Em psicologia no que mais tenho prazer em trabalhar é na área da saúde mental, desde que entrei na faculdade o tema sempre fez parte do meu foco de trabalho. Com o tempo e o conhecimento que fui adquirindo na psicologia essa vontade de ajudar pessoas com transtorno mental foi ficando mais forte. Gosto muito do trabalho desenvolvido pelos CAPS (Centro de Atenção Psicossocial), espero um dia trabalhar nessa modalidade de serviço.

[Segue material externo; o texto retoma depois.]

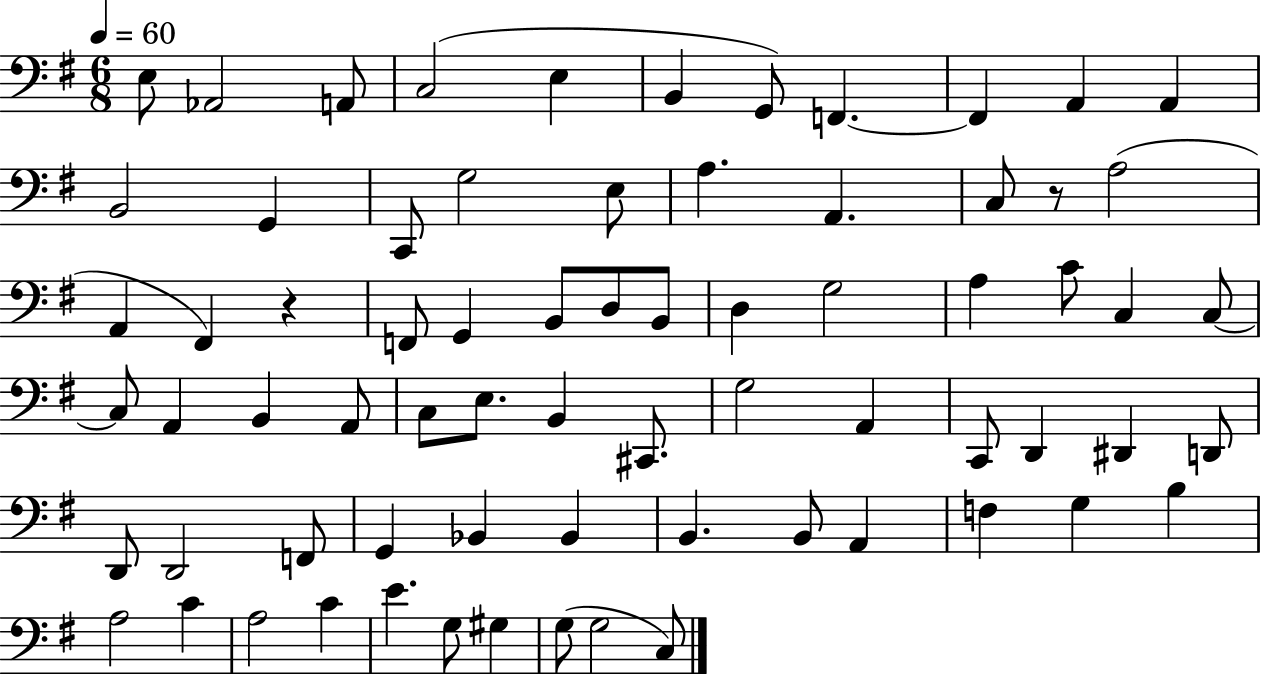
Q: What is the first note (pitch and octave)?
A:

Em 2009 quando estava na graduação, realizei estágio não curricular num conhecido hospital psiquiátrico da região da grande Florianópolis o IPQ (Instituto de Psiquiatria de Santa Catarina), conhecido como a Colônia Santana. Fiquei 13 meses neste estágio e pude aprender muito e conhecer a dura realidade de quem vive numa vida institucionalizada.
Meu trabalho de conclusão de curso teve como tema: A permanência do tratamento em saúde mental no hospital psiquiátrico na lógica manicomial: relato de uma experiência. Esse TCC foi publicado na biblioteca da UNISUL, realizei correções para melhorar a redação do trabalho e reescrevi este na primeira pessoa do singular, quando essas correções estiverem finalizadas e o trabalho formatado, publicarei em meu site a versão atualizada.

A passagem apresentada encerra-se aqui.